One little mistake that I'm still paying for happened four years ago. I bought ten 10 cent feeder fish to toss into my first 160 gallon pond. I had never really been involved with fish before, except one day when I was staying at my sister's place decades go.

It was one of those fated situations... All alone in her place, I suddenly heard rushing water. It was her 100 gallon aquarium bursting at the seams. The event's haunting memories turned me off to ever wanting an aquarium larger than a fish bowl that I could carry to the sink and back. The sound of glass splitting and water gushing was forever etched in my memory.

Back to four years ago again. At the time, I figured a batch of one inch long feeder goldfish in a little plastic pond might be fun. This was the mistake that brought four years of hard lessons in every way I could think of. It would have been easier to just let nature and raccoons take their course. But I couldn't do that.

During the summer, racoons managed to snack on six of the ten goldfish behind my back. Left with four that had now grown to four inches, I bought a 50 gallon aquarium to raise the four fish indoors - predator problem solved.

Within six months, two goldish began growing whiskers. As babies they were much smaller than then other two goldfish (thus the creative name - "The Runts"). But now my whiskered Runts were at least double the size of their two tank mates.

I called my sister the fish expert of decades ago to ask what kind of goldfish grow whiskers? I told her I was sure they were goldfish because the aquarium store guy told me they were.

She decided it certainly was a weird situation and that maybe I had two mutant goldfish. That sounded kinda fun and I was up for the adventure. I looked forward to watching my mutant goldfish develop, especially to see what other odd traits they might take on.

But within a year, I realized from photos on the web my whiskered two weren't goldfish at all but were Koi! Not only were they much bigger than the other two, they also never mingled with them.

Koi and goldfish both claimed their own side of the aquarium - the Koi growing noticeably from week to week and looking kinda mean, like they needed a gang to join real soon. The once spacious 50 gallon tank was now too crowded for four. So off to the plastic pond outdoors went the Koi...again.

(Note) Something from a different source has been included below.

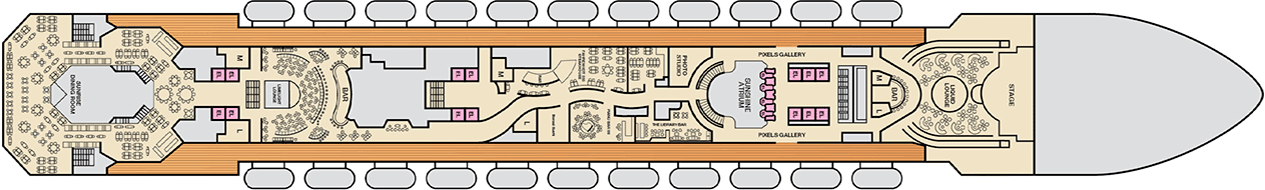 Pont 04 - Deck 4 - Carnival Sunshine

Back to the original problem of the raccoons using them as appetizers. I discovered netting worked well. Coons don't like to get their fingers stuck in things. So I netted everything within two yards of the little pond. I used pond netting and bird netting. I netted the pond surface, the sides of the pond, and for good measure, draped another net from the eaves of my house. And I still worried the racoons would outsmart me.

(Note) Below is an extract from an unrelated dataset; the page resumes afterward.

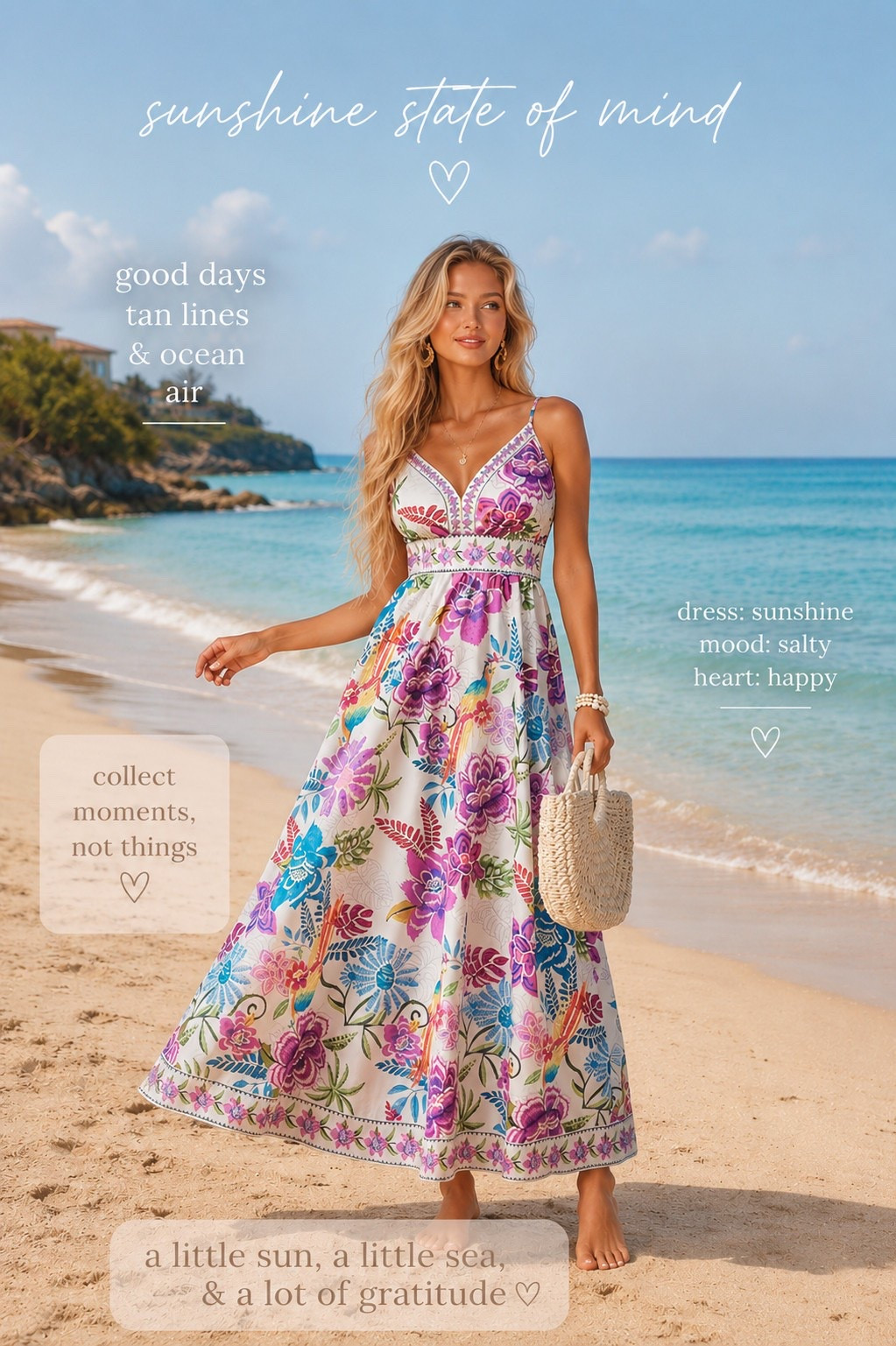☀️ Vacation Style Made Easy ☀️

Visions of "trailer trash" came to mind every time I went out back. Just to feed the Runts was a daily fight to get through poles precariously perched by gravity, tangled nets getting stuck on my shirt buttons and fingernails, and tripping over some obstacle I'd put out for the coons but had forgotten about.

It was chaos of the first order and all that I considered temporary but necessary to keep my Runts safe. I'd worry about aesthetics later. In the meantime, God forbid should anyone come over to see this mess.

These 10 cent fish were taking a huge chunk of time, money, and energy. But it became my mission in life to keep the Runts safe, healthy, and happy. I began to feel I was protecting royalty, these whiskered non goldfish.

My now junked up backyard and pond at least was protected from coons, herons, 'possums, and feral cats. By this time, my cat Bobby was as wary of the Runts as I was. I'd heard Koi have teeth and maybe Bobby knew something that I didn't. I needed more information. He steered cleared of them and always ran past the little pond, looking back just long enough to see if they were nipping on his heels.

More later on the even newer pond and what's so cute about Koi babies and Minnow babies growing up together, especially when for four years I though my two Koi were both girls. Nature solved that mystery for me.